Die Urwahl zur ersten demokratisch legitimierten Volksvertretung der Sorben und Wenden soll als unmittelbare, freie, gleiche und geheime Briefwahl, organisatorisch angelehnt an Sorbenratswahl in Brandenburg, stattfinden. Bekenntnisfreiheit ist bei der Registrierung der Wähler (bis 27. Oktober möglich) und Kandidaten (können bis 10. September von Vereinigungen und Interessengruppen mit sorbischen/wendischen Zielen nominiert werden) ein gesetzeskonformes Kriterium. Besonderheit bei der Sejm-Wahl ist das Wähleralter ab 16 Jahre und die paritätische Besetzung aus Ober- und Niedersorben.
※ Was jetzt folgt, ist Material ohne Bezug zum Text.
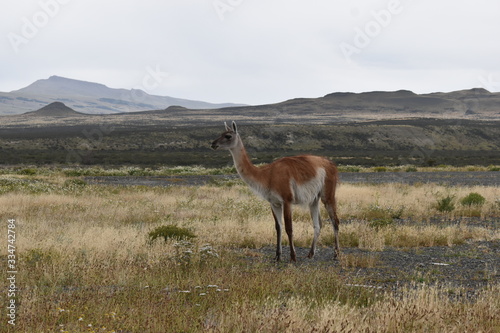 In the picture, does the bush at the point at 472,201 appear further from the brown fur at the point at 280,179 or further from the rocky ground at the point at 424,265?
the brown fur at the point at 280,179

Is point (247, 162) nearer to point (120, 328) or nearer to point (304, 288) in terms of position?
point (304, 288)

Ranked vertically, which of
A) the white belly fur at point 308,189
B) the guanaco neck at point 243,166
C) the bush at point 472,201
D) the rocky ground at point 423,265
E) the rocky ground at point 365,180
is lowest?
the rocky ground at point 365,180

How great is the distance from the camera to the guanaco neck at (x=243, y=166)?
9.29 m

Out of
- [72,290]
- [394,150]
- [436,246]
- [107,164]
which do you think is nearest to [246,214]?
[436,246]

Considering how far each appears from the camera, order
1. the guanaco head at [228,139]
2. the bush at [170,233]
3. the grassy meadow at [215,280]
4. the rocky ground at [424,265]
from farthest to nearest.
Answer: the bush at [170,233]
the guanaco head at [228,139]
the rocky ground at [424,265]
the grassy meadow at [215,280]

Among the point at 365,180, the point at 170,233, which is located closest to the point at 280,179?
the point at 170,233

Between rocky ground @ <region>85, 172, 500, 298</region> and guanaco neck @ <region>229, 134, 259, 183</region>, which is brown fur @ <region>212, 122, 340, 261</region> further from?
rocky ground @ <region>85, 172, 500, 298</region>

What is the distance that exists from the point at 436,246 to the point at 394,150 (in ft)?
241

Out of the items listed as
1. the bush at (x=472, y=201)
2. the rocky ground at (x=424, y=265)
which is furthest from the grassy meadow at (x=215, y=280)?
the bush at (x=472, y=201)

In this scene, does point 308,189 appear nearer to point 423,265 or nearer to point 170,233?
point 423,265

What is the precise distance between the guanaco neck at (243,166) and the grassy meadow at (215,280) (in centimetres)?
153

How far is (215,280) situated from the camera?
7074mm

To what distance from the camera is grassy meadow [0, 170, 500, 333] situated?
511 cm

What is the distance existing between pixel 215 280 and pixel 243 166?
2848 millimetres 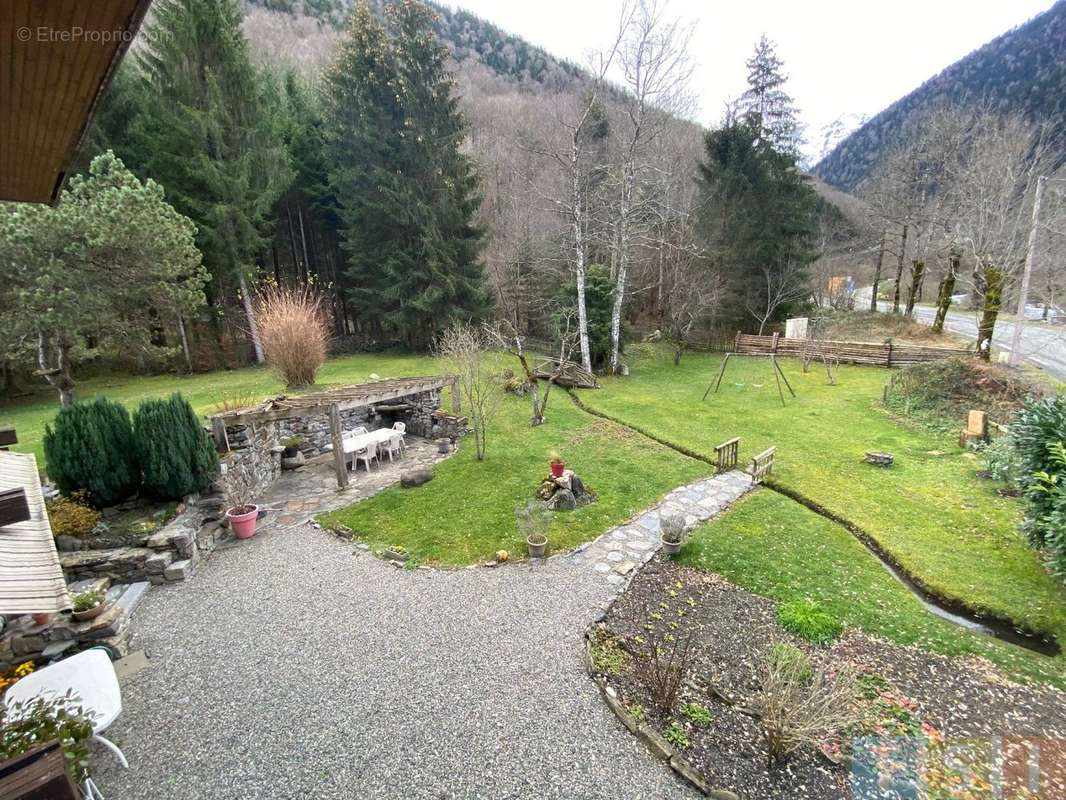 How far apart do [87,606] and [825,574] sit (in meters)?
9.21

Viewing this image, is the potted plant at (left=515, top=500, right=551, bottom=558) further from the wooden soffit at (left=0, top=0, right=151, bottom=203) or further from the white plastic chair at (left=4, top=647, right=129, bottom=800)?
the wooden soffit at (left=0, top=0, right=151, bottom=203)

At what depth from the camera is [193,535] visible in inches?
273

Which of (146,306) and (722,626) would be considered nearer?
(722,626)

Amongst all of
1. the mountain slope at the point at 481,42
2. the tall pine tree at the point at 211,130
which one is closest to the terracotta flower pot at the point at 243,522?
the tall pine tree at the point at 211,130

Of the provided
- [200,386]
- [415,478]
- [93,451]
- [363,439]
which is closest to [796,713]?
[415,478]

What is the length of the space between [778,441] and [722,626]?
732cm

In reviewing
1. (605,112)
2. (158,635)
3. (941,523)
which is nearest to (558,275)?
(605,112)

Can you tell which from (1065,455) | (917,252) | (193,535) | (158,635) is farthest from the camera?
(917,252)

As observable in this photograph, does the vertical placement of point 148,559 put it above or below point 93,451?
below

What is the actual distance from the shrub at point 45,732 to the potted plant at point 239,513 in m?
4.21

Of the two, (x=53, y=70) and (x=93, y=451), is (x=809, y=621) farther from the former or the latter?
(x=93, y=451)

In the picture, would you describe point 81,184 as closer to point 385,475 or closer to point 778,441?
point 385,475

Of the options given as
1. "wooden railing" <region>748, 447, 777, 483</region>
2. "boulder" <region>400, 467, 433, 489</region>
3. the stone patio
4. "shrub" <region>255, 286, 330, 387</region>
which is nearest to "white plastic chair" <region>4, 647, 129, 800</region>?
the stone patio

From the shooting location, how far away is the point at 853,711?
436 centimetres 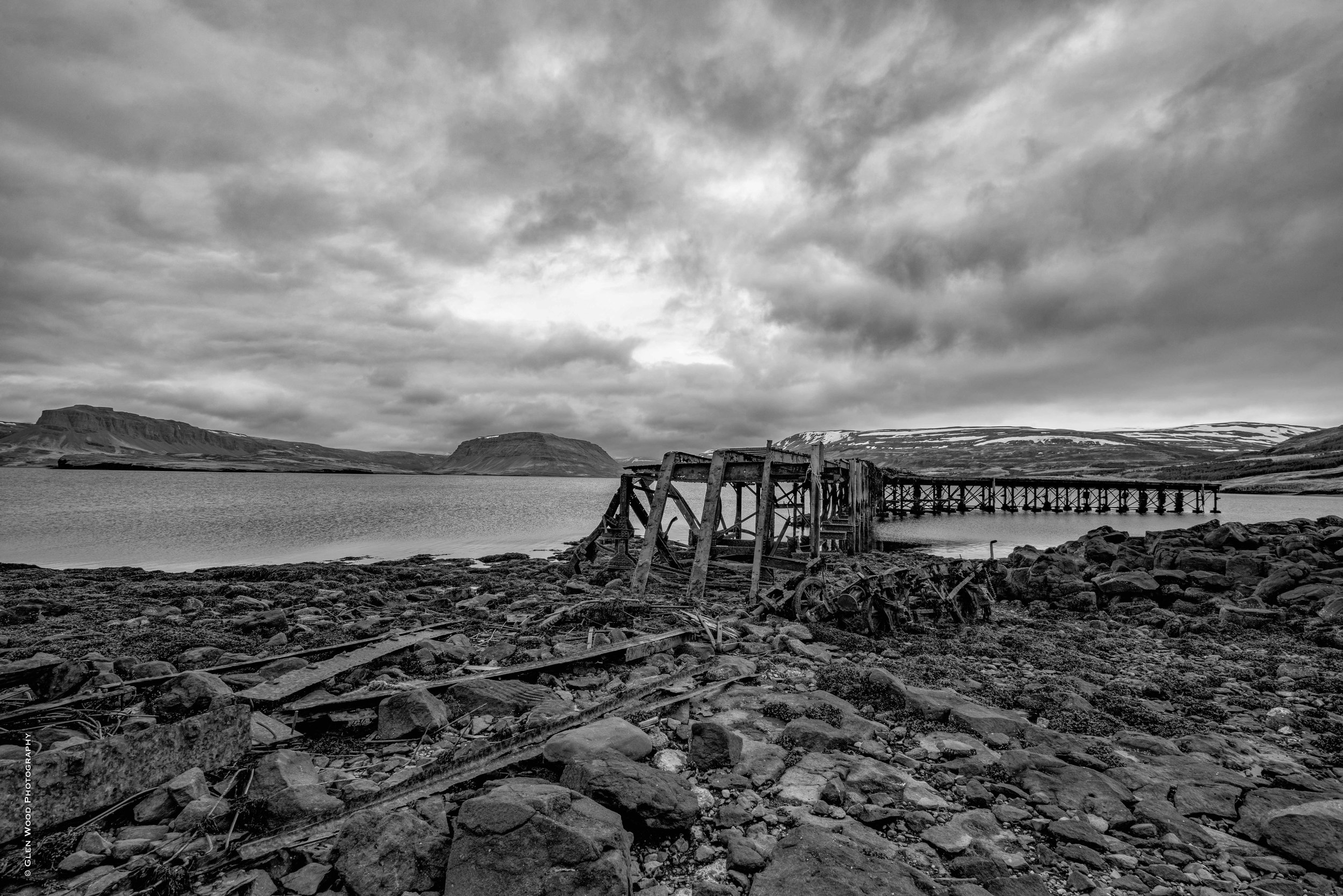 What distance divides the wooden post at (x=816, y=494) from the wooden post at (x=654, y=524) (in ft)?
13.0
Die anwesenden Gäste berichteten in der folgenden Diskussion vom gravierenden Mangel an Sorbischlehrern und -erziehern für entsprechende Lernangebote in Weißwasser und Umgebung und benannten die Stärkung der sorbischen Sprache als wichtigste zukünftige Aufgabe. Udo Nickusch benannte regionale Probleme mit dem Braunkohleausstieg und der Einführung einer digitalen Infrastruktur. Dies wird Arbeitsplätze kosten und wir brauchen Konzepte für die Zukunft. Dr. Andreas Kluge, welcher mit dem Verein „Stup dale“ das Witajprojekt nach Dresden geholt und mit Leben erfüllt hat, forderte eine eigene Hochschule und die Konzentration auf die Ausbildung von Lehrern. Hannes Wilhelm-Kell betonte, daß die durch das Vorhandensein der Wenden und Sorben bestehenden Möglichkeiten, insbesondere die Zweisprachigkeit, in der Lausitz ein bisher völlig ungenutztes Potential darstellen und dieser Schatz zum Nutzen aller Lausitzer gehoben werden muss. Thomas Tschornak, Bürgermeister in Nebelschütz, kennzeichnete den Strukturwandel in seinem Ort als kontinuierlichen Weg von Entscheidungen unter der Prämisse „Enkeltauglichkeit“. Christian Penk verwies darauf, dass Bronzezeitsiedlungen und Pechöfen als Geschichte der Sorben ungenutzt für die Lausitz im Tagebau verschwinden.